From the first line down to the one containing "Фаллос Джага-Джага №10", reproduce the entries below exactly and leave out the pictures.

--

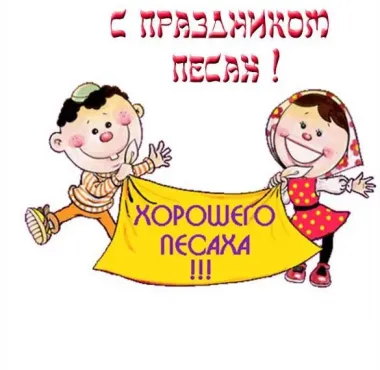 Открытка с пожеланиями Поздравление, красивое пожелание Картинка с стильно, прикольно, коротко, своими словами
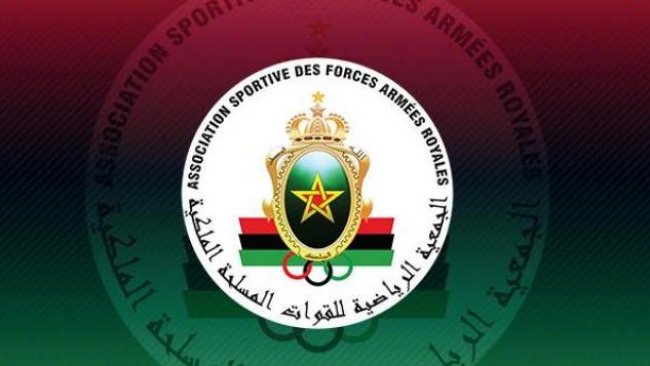 تعبئة كبيرة داخل الزعيم قبل موقعة الحمامة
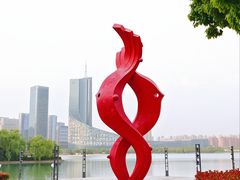 -天鹅湖体育公园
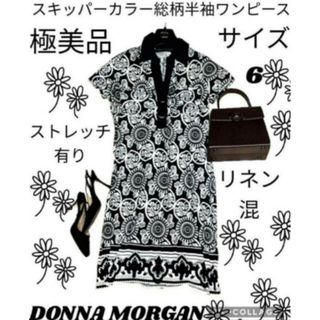 極美品♥ドナモーガン♥DONNA MORGAN♥ワンピース♥総柄♥黒♥ストレッチ(ひざ丈ワンピース)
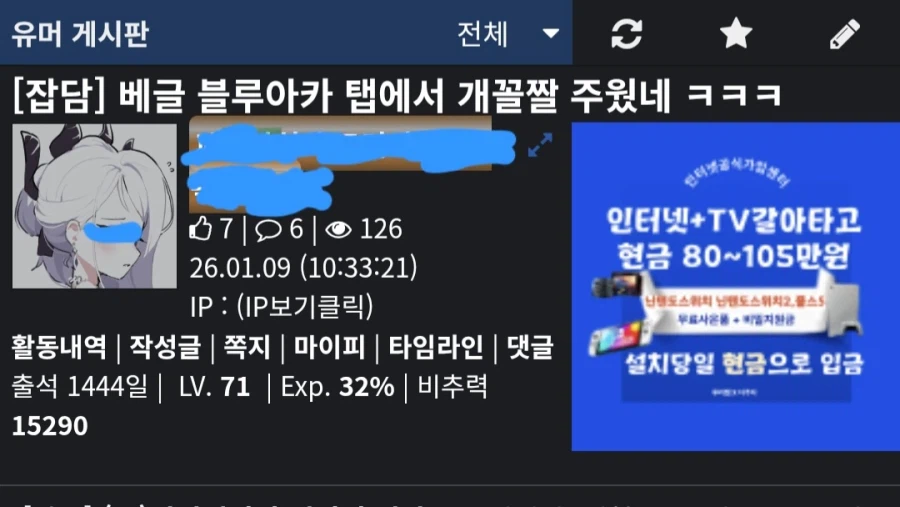 유게이 그만 놀려야겠다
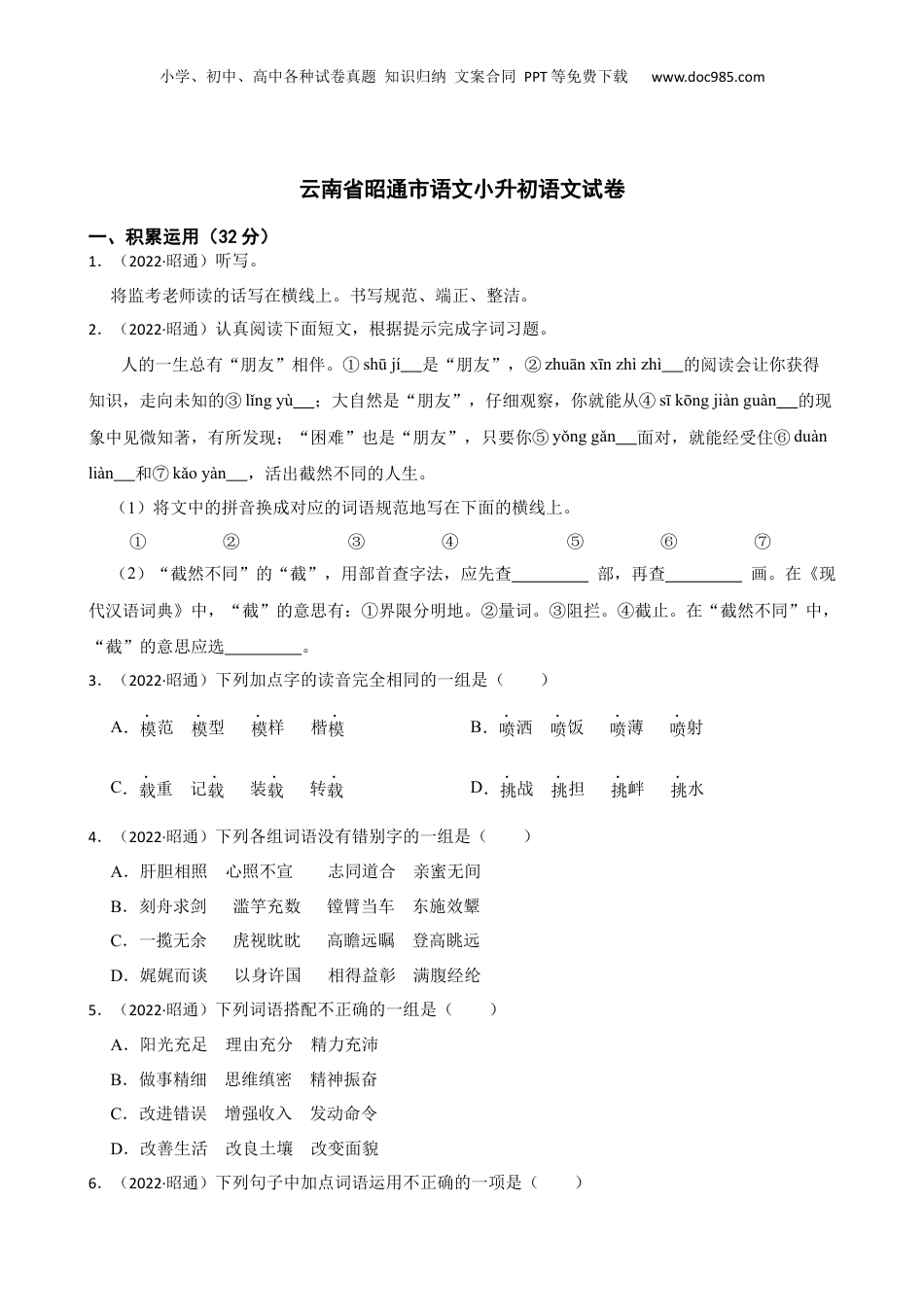 2022年云南省昭通市语文小升初语文试卷(学生版).docx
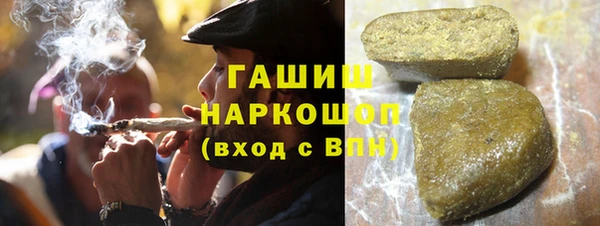 кокаин премиум Остров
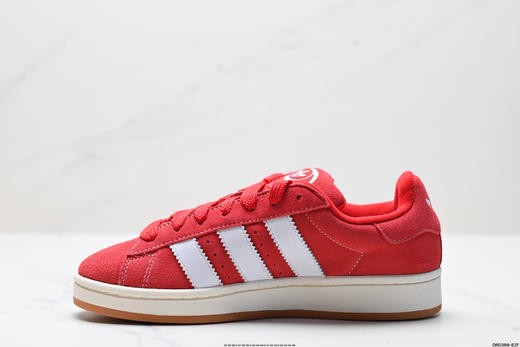 阿迪达斯Adidas Campus经典复古低帮百搭休闲运动板鞋ID3424男女鞋 商品图2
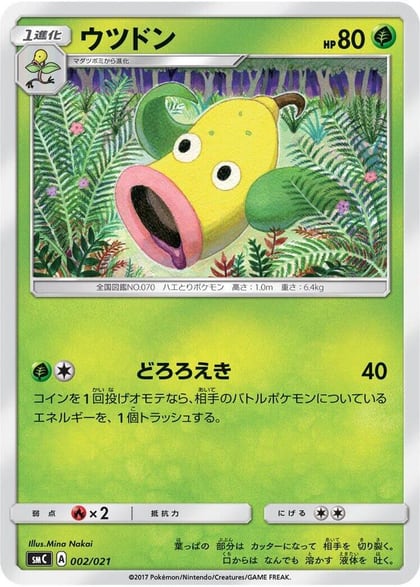 Weepinbell, smC: Tapu Bulu-GX Enhanced Starter Set 002/021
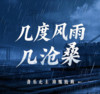 几度风雨几沧桑（岁月匆匆人茫茫） - 阳哥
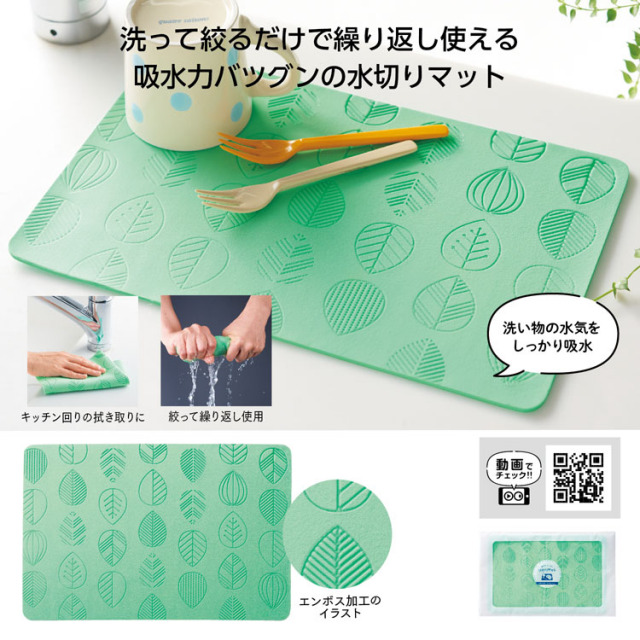 【送料無料（北海道・沖縄・離島除く）・代引き不可】吸水力バツグン！水切りマット_200個セット_1個あたり98円（税抜） <sp-35733>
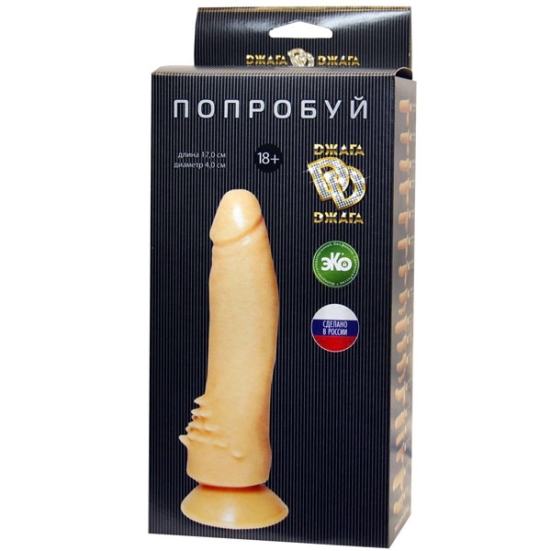 Фаллос Джага-Джага №10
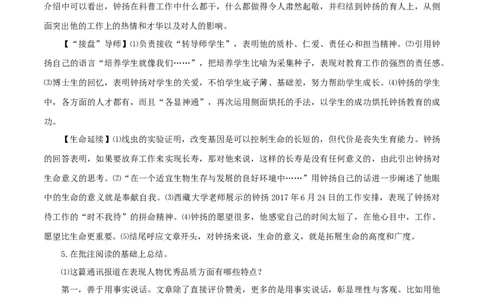 2.4.3&ldquo;探界者&rdquo;钟扬教学设计_4-教培资料-26年最新资料-同步更新_初中高中教资_03科三专项（进去保存报考的学科即可）_02科三专项（笔记真题思维导图教学设计版本二）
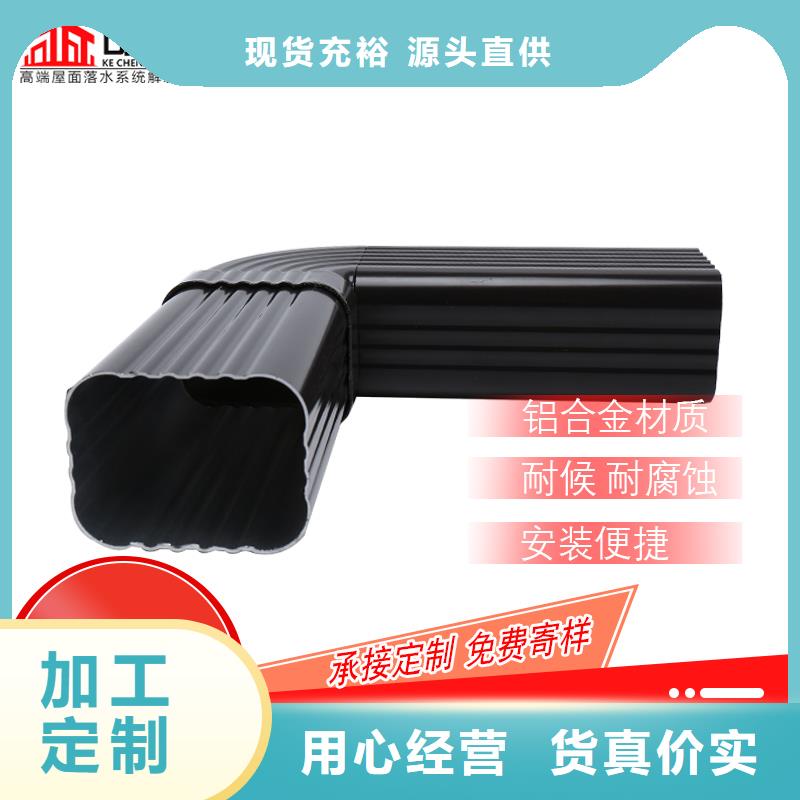 澄邁縣廠房落水管已更新2025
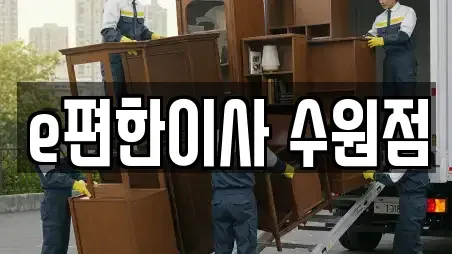 e편한이사 수원점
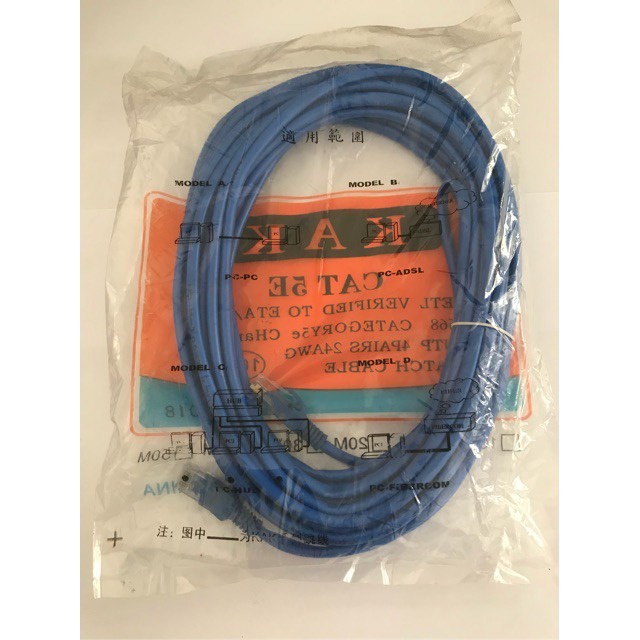 KABEL LAN 15m cat5e PATCH CORD UTP 15 meter lengkap rj45 cat5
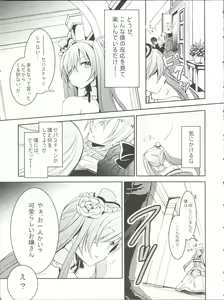 Page 6 of Apatite - preview thumbnail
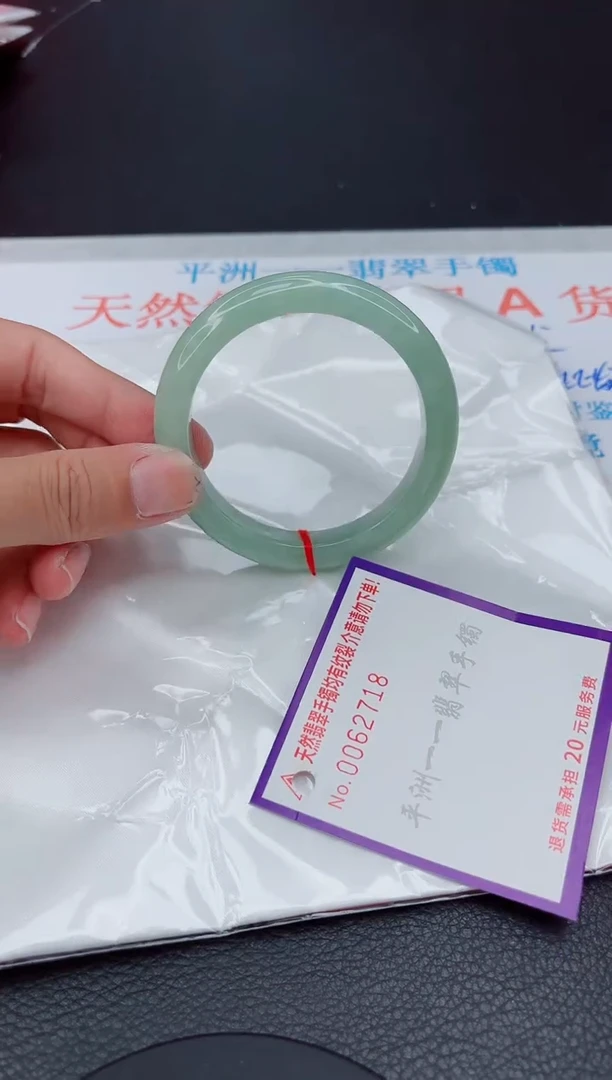 翡翠手镯未镶嵌1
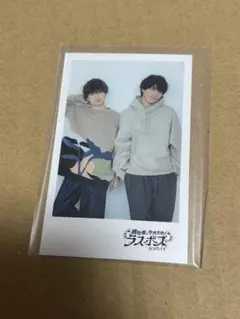 2026年最新】今井文也ブロマイドの人気アイテム - メルカリ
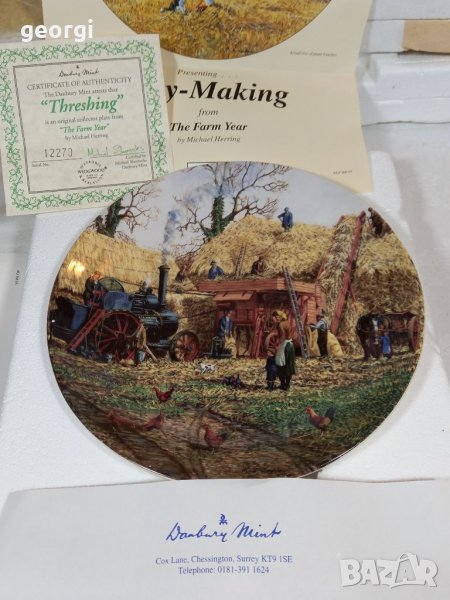 Декоративна порцеланова чиния , снимка 1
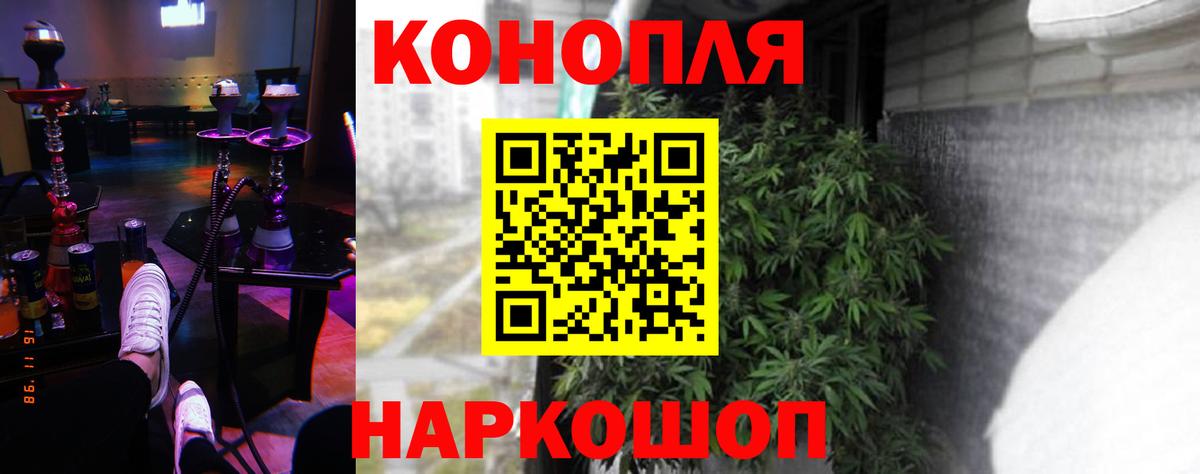 Бошки марихуана план  Канабис VHQ  Ачинск  Конопля THC 21%  Вход с VPN  Шишки марихуана тримм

--

**Exercise result**.
 Открытка с пожеланиями Поздравление, красивое пожелание Картинка с стильно, прикольно, коротко, своими словами
 تعبئة كبيرة داخل الزعيم قبل موقعة الحمامة
 -天鹅湖体育公园
 極美品♥ドナモーガン♥DONNA MORGAN♥ワンピース♥総柄♥黒♥ストレッチ(ひざ丈ワンピース)
 유게이 그만 놀려야겠다
 2022年云南省昭通市语文小升初语文试卷(学生版).docx
 кокаин премиум Остров
 阿迪达斯Adidas Campus经典复古低帮百搭休闲运动板鞋ID3424男女鞋 商品图2
 Weepinbell, smC: Tapu Bulu-GX Enhanced Starter Set 002/021
 几度风雨几沧桑（岁月匆匆人茫茫） - 阳哥
 【送料無料（北海道・沖縄・離島除く）・代引き不可】吸水力バツグン！水切りマット_200個セット_1個あたり98円（税抜） <sp-35733>
 Фаллос Джага-Джага №10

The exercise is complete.